The memory system can be characterised with their Location, Capacity, Unit of transfer, Access method, Performance, Physical type, Physical characteristics, Organisation.


  • Processor memory: The memory like registers is included within the processor and termed as processor memory.
  • Internal memory: It is often termed as main memory and resides within the CPU.
  • External memory: It consists of peripheral storage devices such as disk and magnetic tape that are accessible to processor via i/o controllers.

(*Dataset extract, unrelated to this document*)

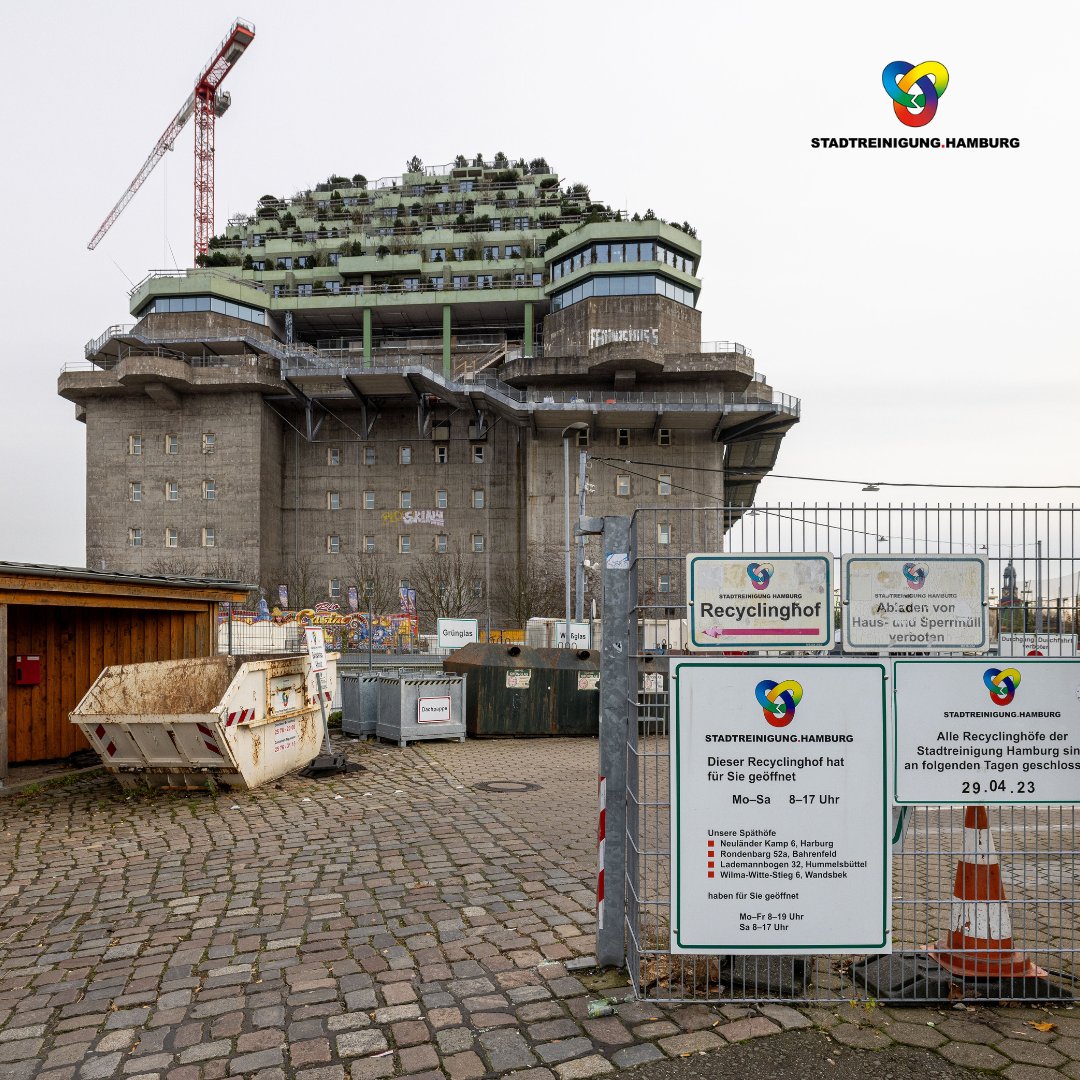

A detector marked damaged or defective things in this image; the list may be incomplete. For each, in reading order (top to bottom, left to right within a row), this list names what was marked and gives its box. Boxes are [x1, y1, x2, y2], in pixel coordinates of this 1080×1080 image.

  • Word size: Capacity is expressed in terms of words or bytes.
    • The natural unit of organisation
  • Number of words: Common word lengths are 8, 16, 32 bits etc.
    • or Bytes

Unit of Transfer

  • Internal: For internal memory, the unit of transfer is equal to the number of data lines into and out of the memory module.
  • External: For external memory, they are transferred in block which is larger than a word.
  • Addressable unit
    • Smallest location which can be uniquely addressed
    • Word internally
    • Cluster on Magnetic disks

Access Method

  • Sequential access: In this access, it must start with beginning and read through a specific linear sequence. This means access time of data unit depends on position of records (unit of data) and previous location.
    • eg. tape
  • Direct Access: Individual blocks of records have unique address based on location. Access is accomplished by jumping (direct access) to general vicinity plus a sequential search to reach the final location.
    • eg. disk
  • Random access: The time to access a given location is independent of the sequence of prior accesses and is constant. Thus any location can be selected out randomly and directly addressed and accessed.
    • eg. RAM
  • Associative access: This is random access type of memory that enables one to make a comparison of desired bit locations within a word for a specified match, and to do this for all words simultaneously.
    • eg. cache


  • Access time: For random access memory, access time is the time it takes to perform a read or write operation i.e. time taken to address a memory plus to read / write from addressed memory location. Whereas for non-random access, it is the time needed to position read / write mechanism at desired location.
    • Time between presenting the address and getting the valid data
  • Memory Cycle time: It is the total time that is required to store next memory access operation from the previous memory access operation.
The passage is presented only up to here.